We have limited capacity.

A finite people creating seemingly infinite tools.


I believe that the tension created by this discrepancy causes our souls to stretch beyond our natural functioning. The result is that we feel that we are losing life or connection, while in the same moments being inundated with information and possibility.


Let me explain.


The phenomenon of social media has only existed in our culture for the past decade, and many would argue that it still has not reached its maximum capabilities. As a culture we have fully embraced this new creation and have so interwoven our lives and the lives of our children with social media that we can scarcely imagine or remember what life was like before we had it.


I would ask that you ponder this analogy. Could the creation of social media be just as potent as the creation of the first gun? Though this comparison may seem a bit far-fetched at first, guns, like social media, can be used both as a tool and as a weapon. A gun can be viewed both as a tool in the obtaining of food in the context of hunting or as a weapon caused to inflict harm. A tool or a weapon, is social media not the same? We praise social media for its capabilities as a tool, but are we fully aware of this same platform’s ability to inflict harm? Not just on bystanders but also on ourselves? Have we just created a weapon and put it in the hands of adolescents without fully understanding its abilities ourselves? Do we marvel at the tragedies inflicted upon those around us without realizing that we are all adolescents in this game?

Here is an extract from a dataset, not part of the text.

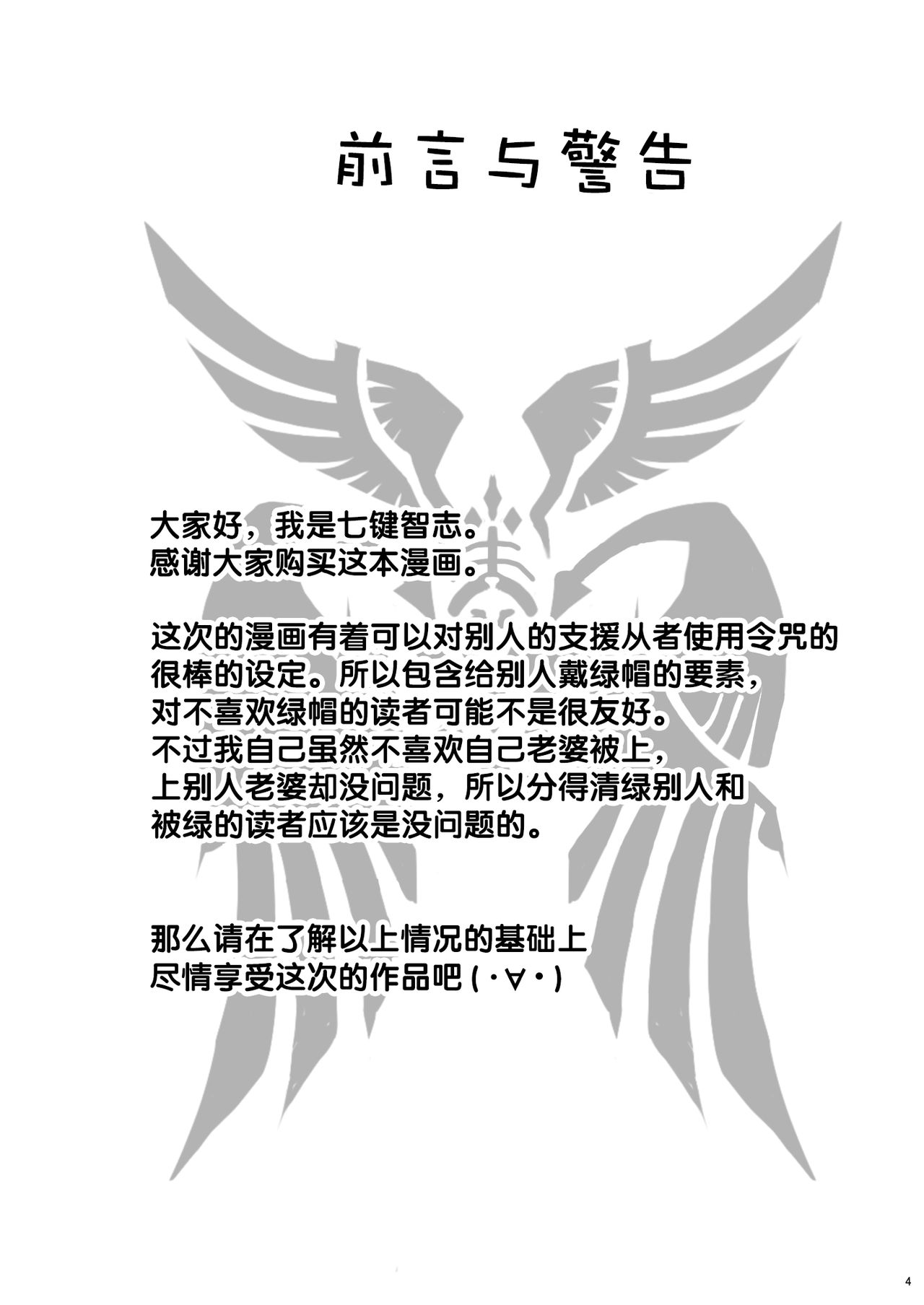 [Nanatsu no Kagiana (Nanakagi Satoshi)] Sapohame Jeanne (Fate/Grand Order) [Chinese] [无毒汉化组] [Digital] [七つの鍵穴 (七鍵智志)] サポハメジャンヌ (Fate/Grand Order) [中国翻訳] [DL版]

I believe that social media is overstretching our souls in three key ways: distraction, disengagement, and detachment.



With our new ability to have information and interaction at our fingertips, have we unknowingly created a Pavlovian society? We have evolved into a society in which we have suffered the loss of the ability to wait and the art of patience. A society in which we are conditioned for immediate results and stimuli. We conditioned ourselves, and specifically the generations after us, to expect instantaneous results and interaction. We must ask ourselves: what are the ramifications in doing so? In our development of technology, are we breeding out the ability to engage? Engagement requires patience. If I am used to instantaneous responses and results, do I then have a growing frustration with the world and relationships around me that cannot naturally nor practically provide the results and interaction at the times that I am conditioned to expect. Does this then cause me to devalue these relationships and consider them not worth the focus it takes to develop them?

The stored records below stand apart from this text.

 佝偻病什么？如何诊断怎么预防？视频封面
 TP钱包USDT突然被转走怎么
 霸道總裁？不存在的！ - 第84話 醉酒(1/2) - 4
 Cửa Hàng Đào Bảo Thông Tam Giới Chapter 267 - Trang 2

If I am distracted due to being conditioned to expect a rapid response, there will be an increasing tendency towards disengagement. This will be amplified if the world I am distracted from begins to suffer tension. For example, as a parent, if I am disengaged from my child and that child acts out, not responding to my attempts at correction how I desire, do I then retreat online to find a solution instead of engaging in the moment? This may appear noble at first due to my desire to gain access to resources, but at what point does it become a hinderance? Where is the line when my efforts to educate myself crossover and actually become me barricading myself with the information? In this scenario, I should consider whether I have reached a sufficient level of information to handle the situation responsibly or whether I’m searching for information as a form of escape?

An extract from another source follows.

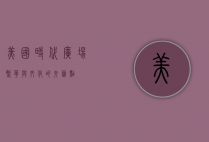 美国时代广场，繁华与文化的交汇点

It is my belief that we have become so engorged on information that we have stretch marks on the skins of our souls. Emotionally we do not have the capacity to engage with all of the various scenarios and information we are inundated with. Mentally we do not have the capacity to process and store all of the information we are gorging ourselves upon daily. One may respond, ‘“Should we not be concerned with (insert various cause/war/tragedy)?” But we must balance our intake of information with our capacity for response. When we do not balance information with response, we feel residual guilt and building anxiety. My friend’s 11 year old son has been having nightmares about ISIS taking over our town and killing his family. I am not saying this child should not know about tragedy in the world. However, I am saying that we are giving people access to information without giving them the tools to process this information in a healthy way. The frustration of the recipient of the information in these scenarios then leads to a state of detachment. I simply become used to feeling helpless. This is why we see bystanders making videos of heinous acts instead of putting down the phone and helping. We have become used to watching without having the ability to act. We have become detached.


I am not saying that social media is all bad. What I am saying is that it is not only tool but also weapon.


We must ask ourselves a few questions:

Are we fully aware of what we have created?

Are we stewarding it well?

Should adolescents have unlimited, unmonitored access to it?


If my daughter brought home a gun, you can bet that we would have talks about safety and reasons for having it. Why are we not doing the same with the emotional and mental guns that our society is freely distributing and encouraging?

One Comment on “Children with guns

  1. Wow. This is brilliant, Britton. Seriously good stuff. And I agree. Haven’t been able to put this into words, but have felt the same way for quite a while. The information we have at our fingertips is such a mixed blessing. Not having the capacity to be able to DO anything about what we learn with this information – I could see that contributing to my own anxiety and depression, and certainly that could be true of the bigger society as well. Thank you for sharing this so eloquently.